2-Are all Swiss trustees fit to understand the challenges and exploit the opportunities of the modern investment world?
3-Are there too many pension funds in Switzerland?
4-Does systemic underfunding of public pension funds represent a future crisis?

Christoph Ryter
President, Swiss Pension Fund Association (ASIP),
CEO, Migros-Pensionskasse

1. The aim of 60% final salary coverage by the BVG and the first pillar AHV/AVS was based on the idea that interest rates would be on a par with the rise in salaries. In fact, since 1985, interest rates have exceeded growth in salaries with a real interest rate of 1.6%. While a complete revision of the law - which was scheduled for 10 years later - only took place in 2005, the full portability of pensions was already introduced in 1995. Therefore, in terms of performance goals and continuous development, the BVG has achieved its targets.

Initially designed to be a minimum framework, the BVG progressively started to regulate more and more areas, thereby significantly restricting pension funds' freedom of decision taking and increasing their costs. More transparency is generally welcomed but not to the benefit of rising costs.
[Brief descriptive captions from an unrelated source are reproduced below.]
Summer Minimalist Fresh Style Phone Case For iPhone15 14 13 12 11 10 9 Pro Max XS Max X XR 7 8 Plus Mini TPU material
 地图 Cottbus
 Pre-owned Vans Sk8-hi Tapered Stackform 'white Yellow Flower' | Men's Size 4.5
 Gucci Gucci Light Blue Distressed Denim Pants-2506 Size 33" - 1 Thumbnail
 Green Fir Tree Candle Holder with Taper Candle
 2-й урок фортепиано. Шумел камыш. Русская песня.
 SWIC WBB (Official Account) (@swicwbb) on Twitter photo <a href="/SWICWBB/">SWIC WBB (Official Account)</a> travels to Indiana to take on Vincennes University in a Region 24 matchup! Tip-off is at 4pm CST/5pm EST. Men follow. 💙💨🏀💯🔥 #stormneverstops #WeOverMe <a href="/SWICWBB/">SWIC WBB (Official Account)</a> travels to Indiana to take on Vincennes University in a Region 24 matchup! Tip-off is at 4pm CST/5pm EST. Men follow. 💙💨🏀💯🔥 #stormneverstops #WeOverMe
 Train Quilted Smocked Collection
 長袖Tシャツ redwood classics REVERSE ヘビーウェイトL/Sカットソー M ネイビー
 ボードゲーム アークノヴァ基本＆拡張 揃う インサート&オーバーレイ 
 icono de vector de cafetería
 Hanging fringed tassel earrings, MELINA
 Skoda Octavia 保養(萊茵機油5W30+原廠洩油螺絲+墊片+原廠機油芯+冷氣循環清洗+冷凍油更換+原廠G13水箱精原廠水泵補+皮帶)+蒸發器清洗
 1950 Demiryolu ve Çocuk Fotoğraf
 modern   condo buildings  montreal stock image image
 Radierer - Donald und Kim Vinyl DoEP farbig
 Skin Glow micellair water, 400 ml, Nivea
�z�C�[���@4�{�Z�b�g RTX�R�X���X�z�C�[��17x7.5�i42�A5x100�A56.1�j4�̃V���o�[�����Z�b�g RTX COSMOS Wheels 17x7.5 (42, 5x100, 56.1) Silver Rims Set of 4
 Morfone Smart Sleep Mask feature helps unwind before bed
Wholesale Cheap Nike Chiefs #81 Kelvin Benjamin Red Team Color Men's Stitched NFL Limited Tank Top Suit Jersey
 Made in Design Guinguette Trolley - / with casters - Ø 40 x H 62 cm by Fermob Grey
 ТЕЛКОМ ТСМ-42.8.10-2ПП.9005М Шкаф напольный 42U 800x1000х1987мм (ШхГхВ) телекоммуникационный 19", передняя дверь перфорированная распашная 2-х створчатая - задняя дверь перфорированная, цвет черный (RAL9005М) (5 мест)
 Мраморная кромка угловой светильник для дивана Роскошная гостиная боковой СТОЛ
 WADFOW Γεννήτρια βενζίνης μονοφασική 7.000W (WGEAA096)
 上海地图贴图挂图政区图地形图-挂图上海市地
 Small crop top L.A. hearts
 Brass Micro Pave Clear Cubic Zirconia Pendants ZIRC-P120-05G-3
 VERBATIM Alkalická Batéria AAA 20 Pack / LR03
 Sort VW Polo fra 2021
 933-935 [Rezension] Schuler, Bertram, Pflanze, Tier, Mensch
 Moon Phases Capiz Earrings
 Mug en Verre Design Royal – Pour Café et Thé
2. Following the 2005 BVG review, regulations required the further education of the Stiftungsräte, the pension fund boards. But it is not the task of a Stiftungsrat to understand every single investment vehicle in-depth. It only needs to understand the fundamental risk/return characteristics of the instruments, and for these purposes they are well equipped.

3. In the early 1980s, Switzerland boasted around 17,900 Pensionskassen. By 1987 this number had already fallen to 15,179 and, by the end of 2008, it stood at 2,435. Driven by the desire to save costs, this concentration process is expected to continue although, of course, not at a linear pace. It is difficult to assess whether there are still too many pension funds and it would be wrong for the regulator to dictate a number.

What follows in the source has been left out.